Public confidence is a big deal to the regulatory bodies in law and medicine. Likewise, I feel that it is time for me to protect myself at long last against three stories on the BBC that call me a stalker. They have refused to get rid of this despite months of me asking them to do so (via BBC Complaints). Of course, I’m upset as the BBC ran this story during the actual hearing itself. There is in fact such a thing as article 6 to protect against this sort of thing – right to a fair trial. I believe that this was a big reason why the GMC (General Medical Council) took a somewhat kneejerk reaction to erase me off the medical register, when everyone knows I’ve had a long and now successful battle against alcoholism. I was unconscious in a coma for 2 months in 2007 the year after beings struck off, and I have never touched a drop of alcohol since. The thing actually I feel most embittered about is that the GMC never appointed a health supervisor whilst I was on the register for 2004-2006, in other words they breached their own ‘duty of care’ towards doctors, and that they have only suspended doctors for plagiarism, attempted manslaughter/murder or failure to detect child abuse in the subsequent years. I was a sick doctor who needed treatment. I am under a psychiatrist today, and I am very proud of recovery. I have done two law degrees, set up my own private limited company, done two books and written three research paper.

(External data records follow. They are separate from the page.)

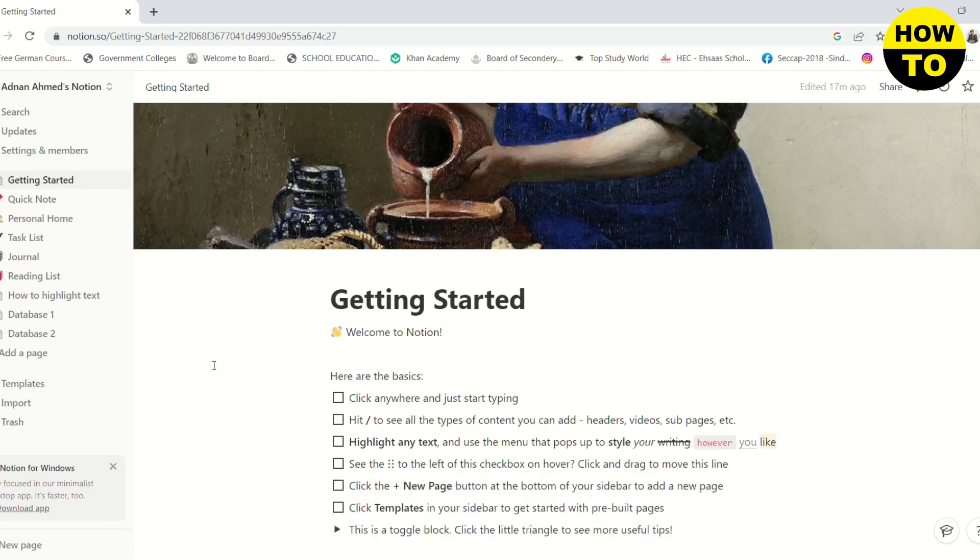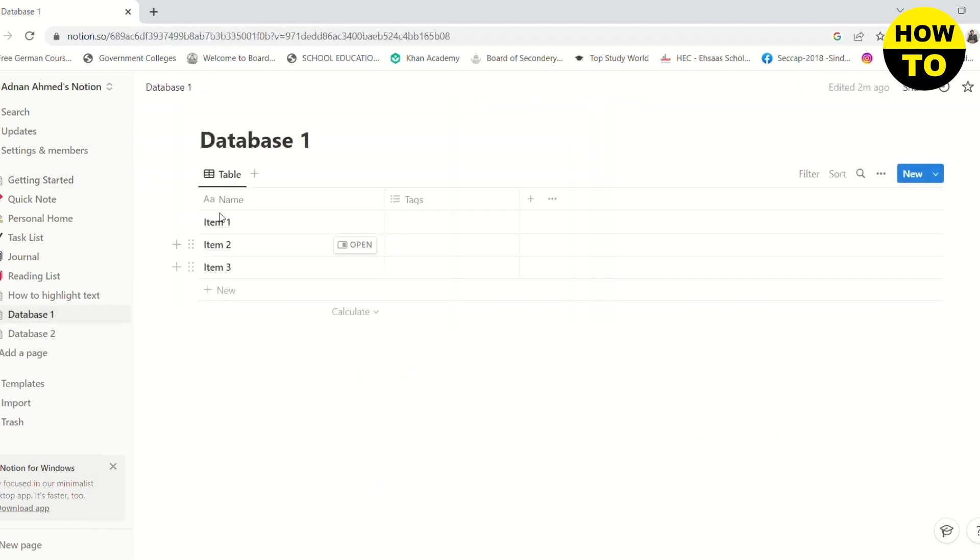So here you can see that I have two databases, namely database 1 and database 2. In the first database, I have three items: item 1, item 2, and item 3.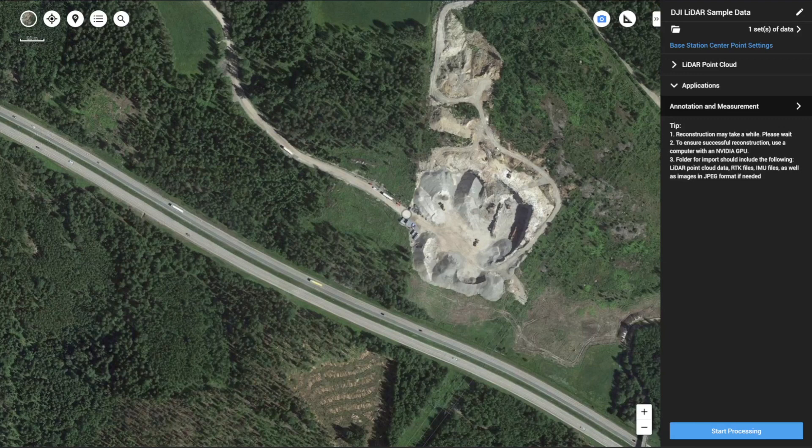Hello everyone, welcome to this video. This is Ron Lee from DJI Enterprise and today's video I will be talking about the DJI Terra version 3.8 update — one of the major updates is the digital elevation model output from the LiDAR point cloud data.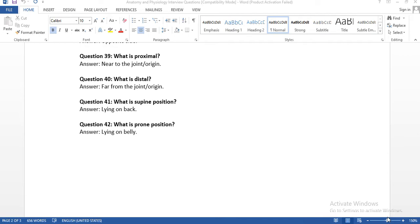Question number forty-one: what is supine position? Lying on the back. Whenever a physician takes a patient to the operating room, based on the operation or surgery, he will place the patient in supine or prone position. If the physician is performing surgery on the back side, he will place the patient in prone position. If performing surgery on the front side, the patient will be placed in supine position. Question forty-two: what is prone position? Lying on the belly.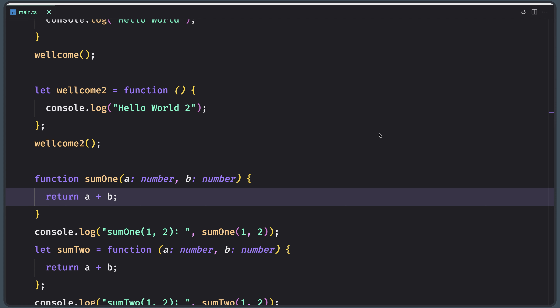Hello friends, Tony here, so welcome back. In the previous video we started to work with functions in TypeScript. Now in this video I'm going to talk about function parameters.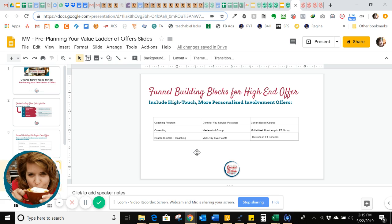Moving upward to your high-touch, more personalized involvement offers — it could be a one-on-one coaching program, consulting, a high-end bundle that goes along with your course, done-for-you service packages, or something customized uniquely to that client. It could be a mastermind group where you pull in lots of experts who share their expertise on a peer level, multi-day live events, a cohort-based course, a multi-week boot camp in a Facebook group, or custom one-on-one services.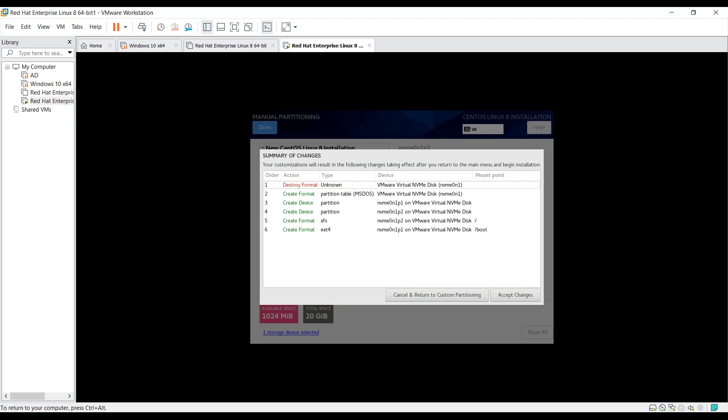By accepting the changes, it shows that your customizations will result in the following changes to take effect after you return to the main menu and begin installation. It's also showing under actions that it will create and format these two partitions. The mount points are root and boot. Let's accept changes.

I am however thoroughly sick of it, as I have six degrees, and when people do a search on my name they find the offending article. It stops me possibly getting jobs. I applied for 30 jobs last year, and didn’t get any of them. So I would like to say something about public confidence. The public should not be confident in a huge organisation such as the BBC making mincemeat out of someone bordering on defamation. I am too poor to go to a lawyer such as Carter Ruck who would sort this sort of rubbish out instantly. Read the letter below. All my friends on Facebook are too polite to mention it. I would like to think that a lot of my friends there are genuine and see beyond the spin. I won’t even go into why this story has been given rocket boosters by BBC. I find it insulting that after 10 years in medicine including a PhD I ended up in the Entertainment section, with a picture of my elderly frail father there against his will. The BBC first became aware of this in December 2009 and refused to do anything about it. I am really sick of it, as I keep on being told it undermines public reputation in me.

I believe in a new innovative approach to reform of the criminal justice system and mental illness, as one would expect!